As a non driver my job on road trips has always been to navigate. Despite all the stories about domestic arguments over giving directions David and I rarely fought over it. If we were going on a trip we’d both look at the map before starting out and decide on a route and where we might stop for breaks. Once we were on our way it was my job to let him know when we were getting close to an intersection where we’d need to make a turn in plenty of time. Usually I could do this but occasionally if we were in a city, usually Melbourne, and I was not quick enough with my instructions or there was too much traffic to change lanes we might miss our turn. When that happened I would have to figure out what to do next. Was there another turn we could take to get back to our original route or were we going to have to turn around and back track. I never liked making these decisions in heavy traffic when we couldn’t stop because reading in a moving vehicle always makes me feel a little nauseous. I remember one occasion driving back to Adelaide after a holiday when we ended up on the Westgate Bridge and decided that it would be easier to go to Ballarat via Geelong than try to figure out the maze of roads in the morning peak traffic. It made a change from the usual route anyway.
One habit of David’s that I did find irritating was that even when I’d already said I thought we were going the wrong way he’d keep on driving instead of stopping so we could figure out where we had gone wrong. Things did get a bit tense on those occasions.

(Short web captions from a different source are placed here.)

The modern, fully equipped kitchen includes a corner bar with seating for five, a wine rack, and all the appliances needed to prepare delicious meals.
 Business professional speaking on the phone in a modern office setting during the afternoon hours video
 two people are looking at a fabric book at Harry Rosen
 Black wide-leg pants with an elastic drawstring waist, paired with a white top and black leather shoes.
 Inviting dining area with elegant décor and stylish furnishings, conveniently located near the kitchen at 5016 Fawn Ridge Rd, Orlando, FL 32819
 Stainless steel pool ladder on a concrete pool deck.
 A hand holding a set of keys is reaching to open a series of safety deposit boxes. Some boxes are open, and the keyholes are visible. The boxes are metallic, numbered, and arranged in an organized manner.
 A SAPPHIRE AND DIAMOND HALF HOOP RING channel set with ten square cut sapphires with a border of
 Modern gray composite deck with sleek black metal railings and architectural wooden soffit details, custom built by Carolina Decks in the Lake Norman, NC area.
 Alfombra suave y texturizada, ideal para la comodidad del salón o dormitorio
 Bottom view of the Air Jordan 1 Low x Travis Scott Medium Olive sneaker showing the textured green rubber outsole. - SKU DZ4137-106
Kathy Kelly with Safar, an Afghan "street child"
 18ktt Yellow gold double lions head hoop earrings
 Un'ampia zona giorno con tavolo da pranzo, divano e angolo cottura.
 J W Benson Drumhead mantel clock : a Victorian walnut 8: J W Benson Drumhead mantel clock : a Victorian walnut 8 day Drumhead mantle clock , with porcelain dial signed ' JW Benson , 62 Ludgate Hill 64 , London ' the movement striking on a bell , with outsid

Melbourne often seemed to present challenges as it was the only large city we ever visited by car. I always felt pleased with myself whenever we arrived at our destination without getting lost. One time, travelling without a street directory I navigated by following the numbers of the tram stops, lower numbers meant you were going towards the city, higher ones away from it. Another time that my carefully laid plans were messed up was driving home from a visit to Canberra. I had a road map and a map of the inner city and knew where we needed to come off the highway and how we would reach the ferry terminal in Port Melbourne. Nearing the suburbs David felt tired so we pulled off to a fast food place and he had a nap and then we had a snack. When we left there instead of going back to the highway as I expected he set off on one of the local roads which naturally was not on the map I had. I didn’t even know what suburb we were in but once we worked that out I was able to navigate us back to Melbourne on a road that ran parallel to the one we were supposed to be on.
Neither of us really liked the idea of using GPS when it became more common though. We didn’t really trust it and honestly I think we just liked reading maps better.
Of course we got lost sometimes, we got lost in Leningrad and we got lost trying to find Hadrian’s Wall in England, getting lost when you need to be somewhere is bad but if you are not in a hurry it’s often when you make interesting discoveries.